── RECORDS SUPPLIED ──

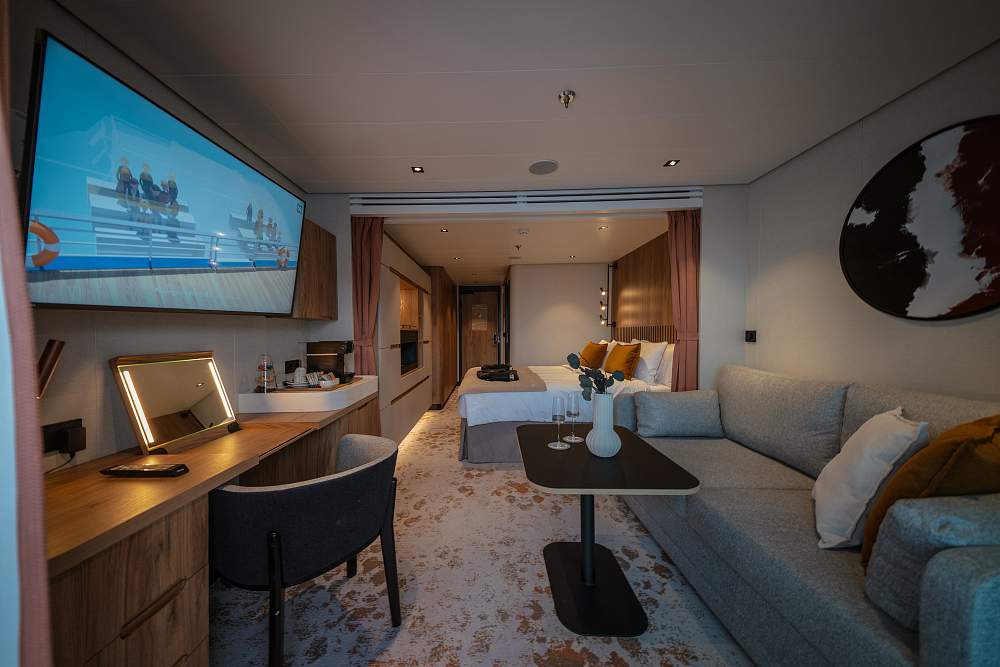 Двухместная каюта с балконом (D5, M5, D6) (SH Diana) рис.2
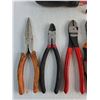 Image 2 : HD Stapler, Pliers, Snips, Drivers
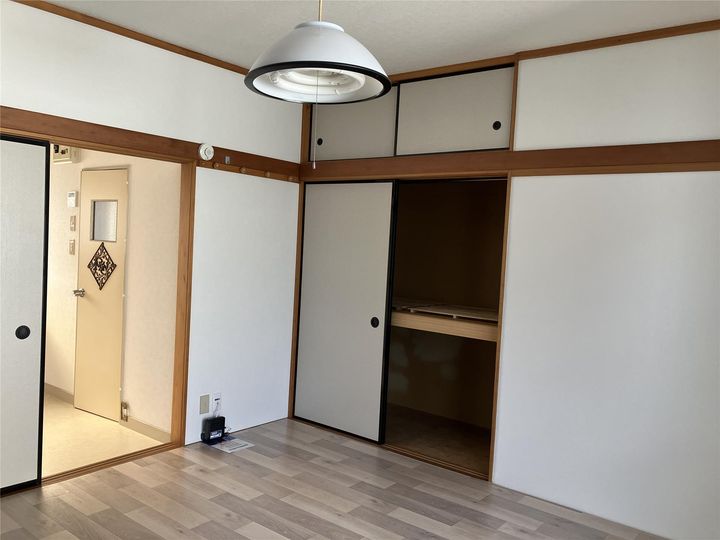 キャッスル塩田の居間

───
── RECORDS SUPPLIED ──

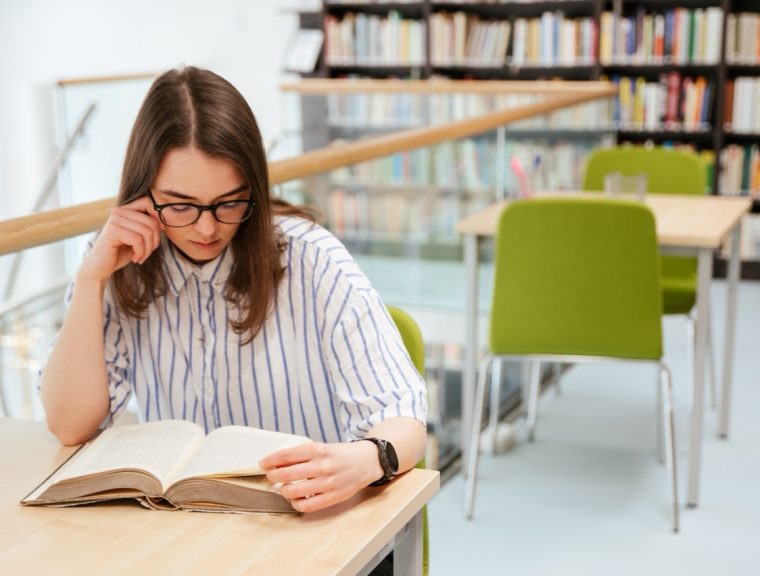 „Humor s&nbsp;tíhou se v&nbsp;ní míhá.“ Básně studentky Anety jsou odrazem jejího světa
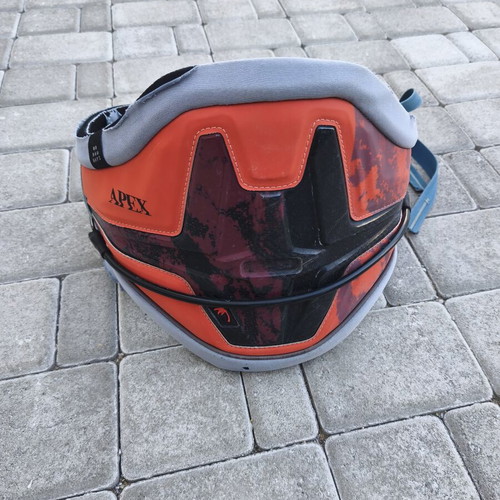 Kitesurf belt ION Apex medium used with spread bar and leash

───

Starting at the line containing "odrazem jejího světa" and finishing at the line containing "Kitesurf belt ION", return those lines exactly as they appear above, without the pictures.

 „Humor s&nbsp;tíhou se v&nbsp;ní míhá.“ Básně studentky Anety jsou odrazem jejího světa
 Kitesurf belt ION Apex medium used with spread bar and leash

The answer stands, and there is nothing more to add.